I looked forward to those days as much as I did to the days when me and my friends would hide in the branches for hours, working, spying on passing cyclists, and waging guerilla warfare on other nearby forts.


These other, far less glorious structures were sprinkled all along the path. Some were the sole domain of the kids whose backyards they sat in. Others were similarly operated by a collective. None were as magnificent as Fort Black Cat. There was one fort, however, that had attained its own sort of mythical status, one not earned for its strategic location or expert construction, but for something that held far more power over the teenaged mind. It was known only as the Porn Fort, and its walls were covered with clippings from various pornographic magazines.

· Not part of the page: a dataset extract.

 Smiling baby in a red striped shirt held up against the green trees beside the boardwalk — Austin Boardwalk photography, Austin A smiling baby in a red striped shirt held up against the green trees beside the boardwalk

We had first discovered the Porn Fort quite by accident. We were out exploring the woods, looking for bits of trash that might be useful for our own fort, when the foreign base loomed up in front of us. It was two “stories” tall and built almost completely free-standing, one side simply leaning lightly against a very put-upon looking tree. The bottom floor was empty and unremarkable, save the small ladder that led up through a hole in the ceiling that let out into the top floor. It was a bit of design genius: there was no way to see the interior of the top level from outside, you had to climb up through the hole to get there, and as your head rose through the floor, your eyes were suddenly inundated with the fort’s impressive gallery of filth.

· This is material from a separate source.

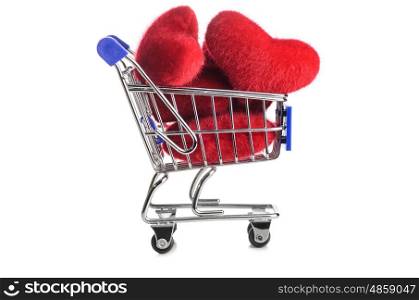 Shopping cart full of hearts for Valentine's Day on white background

It would have been a far more popular place to visit had it not been for the foul tempered shitheads who watched over it like pubescent hawks. They were high school freshmen, and therefore far more imposing a foe than any of our fellow middle school peers might have been. So it was that our first visit to the fort was our last, both because its owners happened upon us gawking and threatened to kick our butts and because, about a month later, someone’s parents found out about it and tore it down.

But what did we need the Porn Fort for, other than to assuage our curiosities? We had Black Cat, and no other fort around could match it.

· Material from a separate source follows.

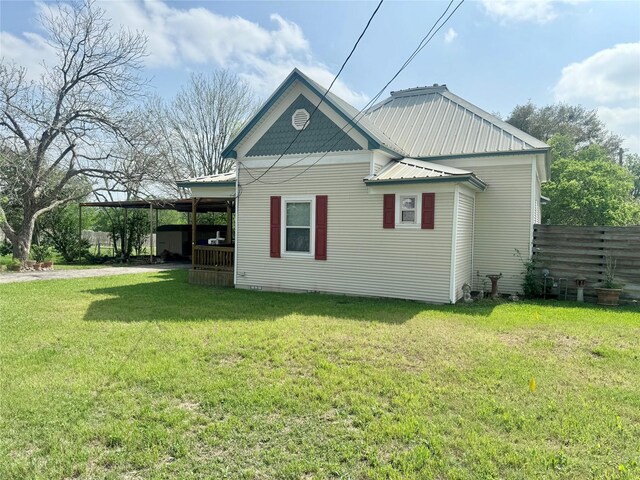 706 W St, Yoakum, TX 77995 - view of side of home featuring metal roof and a carport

By the time summer came to a close, our fort had become the crowning jewel of tree forts, a real work of tree fort art, born of blood, sweat and a few tears. We were so caught up in the initial euphoria of the thing that, at first, we hardly noticed that it was becoming less fun just to hang out there. Building it had giving us purpose and drive, but now that it was finished, what more was there to do? We could sit inside and watch the bulldozers in the nearby field as they prepared the way for the new housing development. We could play cards, scare off other kids, and have little picnics. Eventually, though, the initial luster wore off, and as the school year began and then progressed, we just forgot to go out to the fort at all.

When winter had come and gone, and spring was beginning to drown the world in melt water, I realized how long it had been since I’d gone to check on the place and decided to go back. I rode my bike to the hidden path in the tree line, followed it over the low mound of dirt and into the clearing under the tree that held the fort—only there was no tree, no clearing even. The bulldozers had cleared the woods on that side to make way for the backyards of the new homes that had suddenly sprung up there. The fort was gone.

High school came and went with its usual combination of drudgery, drama, good times and bad times. My mother passed away. My band broke up. We moved to another state entirely and I started all over for two years before leaving yet again for college. I never built another tree fort, but I always thought about it. I still do. And someday, maybe when I have kids of my own or maybe just for my own shits and giggles, I will build another tree fort. And I will give it a totally awesome name, like Fort Skull or Fort Puma or something. Still, I’m not sure anything could ever live up to Fort Black Cat, and all the memories associated with its time. I’m not sure that I mind.


…for D. and A.

3 comments:

BluStaCon said...

Awesome.

I spent many years in forts myself. I still have permanent pine pitch stains.

JT said...

This makes me want to convert one of the storage sheds in my backyard into some sort of fort.

Emily said...

If I can inspire just one person to build a fort, I know I've done right by this world.